With 97 percent of the vote counted, 79 percent had voted against giving the state permission to issue transportation pledge bonds and 76 percent had rejected a companion proposal that would have given the same authority to local governments.
Even in traffic-choked Northern Virginia, where supporters had counted on huge margins, seven of every 10 voters turned down the pledge bonds.
In a separate proposal, voters easily approved an amendment to the Constitution that will permit local governments to grant relief to needy senior citizens and disabled people who owe personal property taxes.
An amendment that will allow assets seized from drug dealers to be spent on drug enforcement also was handily approved.
The pledge bond vote was expected, although supporters, led by Gov L. Douglas Wilder (D), initially believed they would prevail in a state that has an estimated $37 billion in transportation needs over the next 20 years.
But in the last few months, as the financial condition of state and local governments has worsened and the national economy has sputtered, many Virginians became nervous about the prospect of allowing their governments to incur more debt.
"Had this been on the ballot two or four years ago, it would have passed handily," said Virginia Transportation Secretary John G. Milliken.

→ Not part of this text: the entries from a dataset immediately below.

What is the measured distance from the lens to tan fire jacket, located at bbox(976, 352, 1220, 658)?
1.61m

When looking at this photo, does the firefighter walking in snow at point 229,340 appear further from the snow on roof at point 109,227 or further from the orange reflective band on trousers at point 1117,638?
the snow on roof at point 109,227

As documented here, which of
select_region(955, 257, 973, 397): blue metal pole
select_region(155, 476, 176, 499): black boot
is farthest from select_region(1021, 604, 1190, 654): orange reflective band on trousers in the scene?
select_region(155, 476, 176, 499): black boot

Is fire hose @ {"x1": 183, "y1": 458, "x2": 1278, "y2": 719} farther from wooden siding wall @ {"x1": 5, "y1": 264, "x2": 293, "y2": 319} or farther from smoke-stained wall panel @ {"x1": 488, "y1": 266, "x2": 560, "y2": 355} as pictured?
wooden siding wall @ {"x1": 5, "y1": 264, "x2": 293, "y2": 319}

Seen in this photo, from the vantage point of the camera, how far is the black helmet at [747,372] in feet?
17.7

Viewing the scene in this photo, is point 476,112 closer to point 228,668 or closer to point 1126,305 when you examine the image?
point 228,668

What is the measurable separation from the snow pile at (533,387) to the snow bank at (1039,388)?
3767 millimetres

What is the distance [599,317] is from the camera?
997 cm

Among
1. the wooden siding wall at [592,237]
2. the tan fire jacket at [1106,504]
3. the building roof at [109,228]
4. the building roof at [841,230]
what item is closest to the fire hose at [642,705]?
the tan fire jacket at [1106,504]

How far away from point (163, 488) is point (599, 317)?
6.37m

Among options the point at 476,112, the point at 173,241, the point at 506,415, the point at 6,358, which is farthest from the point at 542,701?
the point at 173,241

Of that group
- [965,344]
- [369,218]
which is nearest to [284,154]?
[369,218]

"The national economy, and what people saw happening in Congress over the course of the last month has caused people to be cautious about any spending, and especially commitments over a long period of time," Milliken said.
W. Roy Smith, a former delegate from Petersburg who led the opposition, said, "I think the mood of the people had a great deal to do with it, but they also weren't willing to give the legislature a blank check to create millions of dollars of new debt with an ill-conceived plan to trade away voting rights."

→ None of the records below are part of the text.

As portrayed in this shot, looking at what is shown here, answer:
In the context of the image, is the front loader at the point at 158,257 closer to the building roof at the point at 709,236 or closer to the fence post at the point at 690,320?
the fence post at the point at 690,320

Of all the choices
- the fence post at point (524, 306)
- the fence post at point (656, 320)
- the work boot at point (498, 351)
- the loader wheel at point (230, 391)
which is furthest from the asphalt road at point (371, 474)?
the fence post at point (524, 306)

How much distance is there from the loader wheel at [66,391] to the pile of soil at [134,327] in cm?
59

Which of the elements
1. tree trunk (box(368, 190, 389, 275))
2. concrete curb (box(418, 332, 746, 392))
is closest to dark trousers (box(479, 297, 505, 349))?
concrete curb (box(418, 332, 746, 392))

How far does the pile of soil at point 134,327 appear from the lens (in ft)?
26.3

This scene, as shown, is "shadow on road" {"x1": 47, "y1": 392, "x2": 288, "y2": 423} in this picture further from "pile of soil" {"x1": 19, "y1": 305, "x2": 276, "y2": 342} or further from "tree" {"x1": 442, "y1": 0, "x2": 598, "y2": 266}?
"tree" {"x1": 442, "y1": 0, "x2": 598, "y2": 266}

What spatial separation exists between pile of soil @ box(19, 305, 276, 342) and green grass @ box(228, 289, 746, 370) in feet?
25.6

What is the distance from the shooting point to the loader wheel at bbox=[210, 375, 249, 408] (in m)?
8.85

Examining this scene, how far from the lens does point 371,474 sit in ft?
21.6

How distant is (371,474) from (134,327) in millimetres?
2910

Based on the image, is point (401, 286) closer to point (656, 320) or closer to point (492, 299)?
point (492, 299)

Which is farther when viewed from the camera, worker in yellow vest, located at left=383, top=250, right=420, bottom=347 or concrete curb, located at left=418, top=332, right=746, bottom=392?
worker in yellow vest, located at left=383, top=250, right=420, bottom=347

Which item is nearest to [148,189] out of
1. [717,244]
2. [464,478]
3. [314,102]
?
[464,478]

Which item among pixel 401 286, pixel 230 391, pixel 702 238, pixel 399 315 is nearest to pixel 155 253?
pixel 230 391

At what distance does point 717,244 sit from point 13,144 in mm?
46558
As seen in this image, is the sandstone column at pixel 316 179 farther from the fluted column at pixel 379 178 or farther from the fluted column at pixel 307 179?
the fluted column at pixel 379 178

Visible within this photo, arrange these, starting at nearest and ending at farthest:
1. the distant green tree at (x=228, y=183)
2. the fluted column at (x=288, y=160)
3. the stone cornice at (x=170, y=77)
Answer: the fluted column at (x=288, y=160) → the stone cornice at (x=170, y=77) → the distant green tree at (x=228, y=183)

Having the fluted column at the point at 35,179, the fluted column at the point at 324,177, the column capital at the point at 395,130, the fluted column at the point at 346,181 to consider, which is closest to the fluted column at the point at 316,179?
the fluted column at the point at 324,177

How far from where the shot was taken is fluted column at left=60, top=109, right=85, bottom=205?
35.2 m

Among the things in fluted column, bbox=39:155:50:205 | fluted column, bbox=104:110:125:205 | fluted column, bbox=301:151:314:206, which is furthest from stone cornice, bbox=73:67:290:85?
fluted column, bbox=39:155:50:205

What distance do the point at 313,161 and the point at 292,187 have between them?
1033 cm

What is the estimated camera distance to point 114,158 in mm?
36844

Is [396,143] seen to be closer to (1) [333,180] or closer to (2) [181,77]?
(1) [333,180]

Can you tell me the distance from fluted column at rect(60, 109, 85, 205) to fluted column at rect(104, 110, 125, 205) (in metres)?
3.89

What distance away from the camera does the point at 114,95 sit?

Although the pledge bond question originated during the administration of Gerald L. Baliles, yesterday's defeat also was a setback for Wilder, who told the the General Assembly that the pledge bonds would be one of the few new ways to hasten the financing of road projects.
Unlike general obligation bonds, which require voter approval and are repaid from general tax revenue, pledge bonds are financed from transportation fees such as gasoline taxes and do not need voter approval. Local governments would repay the debt from revenue other than property taxes.
By rejecting the two measures yesterday, Virginia lost a chance to finance as much as $1.2 billion in highway and transit construction projects during the next four years, while local governments could have raised up to $2 billion statewide, including $360 million in Fairfax.
The pledge bond amendments cannot be submitted to voters again until 1994, but many legislators have said they would be unwilling to put it on the ballot again if it lost.
In addition to Wilder, the pledge bond campaign was led by Lt. Gov. Donald S. Beyer Jr. (D), Attorney General Mary Sue Terry (D) and was backed by most of Northern Virginia's lawmakers.
The supporters, who spent about $185,000, sought to overcome voters' anxiety about debt by appealing to Virginians' frustration with traffic congestion.
Opponents organized much later and counted on free publicity and a late series of radio commercials to capitalize on voters' mood. They spent about $35,000.
Former governor Mills Godwin, former senator Harry F. Byrd Jr. and former delegate Smith led the opposition. Virginia's two U.S. senators, Democrat Charles S. Robb and Republican John W. Warner, also opposed the pledge bonds.
Critics argued the pledge bonds would have forced a departure from the state's traditional "pay-as-you-go" approach to financing its roads.